Through the last line of the entries, please copy every line exactly, starting with the one that contains "Communism In Red".

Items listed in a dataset

● ● ● ● ● ● ●

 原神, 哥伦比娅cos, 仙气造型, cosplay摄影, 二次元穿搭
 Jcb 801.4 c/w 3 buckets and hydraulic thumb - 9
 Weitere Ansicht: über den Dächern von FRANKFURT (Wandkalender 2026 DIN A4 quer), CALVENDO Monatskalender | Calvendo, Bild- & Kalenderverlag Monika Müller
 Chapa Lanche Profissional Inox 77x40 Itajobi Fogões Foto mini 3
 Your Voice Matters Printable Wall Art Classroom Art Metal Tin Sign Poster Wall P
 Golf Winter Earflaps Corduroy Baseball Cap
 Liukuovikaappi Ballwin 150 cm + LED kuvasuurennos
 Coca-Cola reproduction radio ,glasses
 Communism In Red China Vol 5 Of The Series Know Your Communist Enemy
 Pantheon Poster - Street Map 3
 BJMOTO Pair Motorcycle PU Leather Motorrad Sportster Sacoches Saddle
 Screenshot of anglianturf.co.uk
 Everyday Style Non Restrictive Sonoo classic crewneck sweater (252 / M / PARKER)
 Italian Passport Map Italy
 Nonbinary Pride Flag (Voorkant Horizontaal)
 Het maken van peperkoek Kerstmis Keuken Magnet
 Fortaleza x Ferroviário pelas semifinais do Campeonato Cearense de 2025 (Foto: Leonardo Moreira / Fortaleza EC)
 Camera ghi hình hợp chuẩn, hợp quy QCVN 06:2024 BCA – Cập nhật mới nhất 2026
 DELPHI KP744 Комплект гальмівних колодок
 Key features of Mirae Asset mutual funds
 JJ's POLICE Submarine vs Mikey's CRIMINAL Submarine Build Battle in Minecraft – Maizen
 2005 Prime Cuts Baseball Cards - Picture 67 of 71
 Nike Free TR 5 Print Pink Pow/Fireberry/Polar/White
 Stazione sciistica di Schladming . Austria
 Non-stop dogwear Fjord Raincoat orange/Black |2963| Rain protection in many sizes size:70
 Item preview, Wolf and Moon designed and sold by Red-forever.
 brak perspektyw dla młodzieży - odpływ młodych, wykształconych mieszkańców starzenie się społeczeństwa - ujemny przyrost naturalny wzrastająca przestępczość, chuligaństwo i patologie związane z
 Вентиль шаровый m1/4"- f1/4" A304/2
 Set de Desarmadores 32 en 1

● ● ● ● ● ● ●

ANSWER BOX:
 Communism In Red China Vol 5 Of The Series Know Your Communist Enemy
 Pantheon Poster - Street Map 3
 BJMOTO Pair Motorcycle PU Leather Motorrad Sportster Sacoches Saddle
 Screenshot of anglianturf.co.uk
 Everyday Style Non Restrictive Sonoo classic crewneck sweater (252 / M / PARKER)
 Italian Passport Map Italy
 Nonbinary Pride Flag (Voorkant Horizontaal)
 Het maken van peperkoek Kerstmis Keuken Magnet
 Fortaleza x Ferroviário pelas semifinais do Campeonato Cearense de 2025 (Foto: Leonardo Moreira / Fortaleza EC)
 Camera ghi hình hợp chuẩn, hợp quy QCVN 06:2024 BCA – Cập nhật mới nhất 2026
 DELPHI KP744 Комплект гальмівних колодок
 Key features of Mirae Asset mutual funds
 JJ's POLICE Submarine vs Mikey's CRIMINAL Submarine Build Battle in Minecraft – Maizen
 2005 Prime Cuts Baseball Cards - Picture 67 of 71
 Nike Free TR 5 Print Pink Pow/Fireberry/Polar/White
 Stazione sciistica di Schladming . Austria
 Non-stop dogwear Fjord Raincoat orange/Black |2963| Rain protection in many sizes size:70
 Item preview, Wolf and Moon designed and sold by Red-forever.
 brak perspektyw dla młodzieży - odpływ młodych, wykształconych mieszkańców starzenie się społeczeństwa - ujemny przyrost naturalny wzrastająca przestępczość, chuligaństwo i patologie związane z
 Вентиль шаровый m1/4"- f1/4" A304/2
 Set de Desarmadores 32 en 1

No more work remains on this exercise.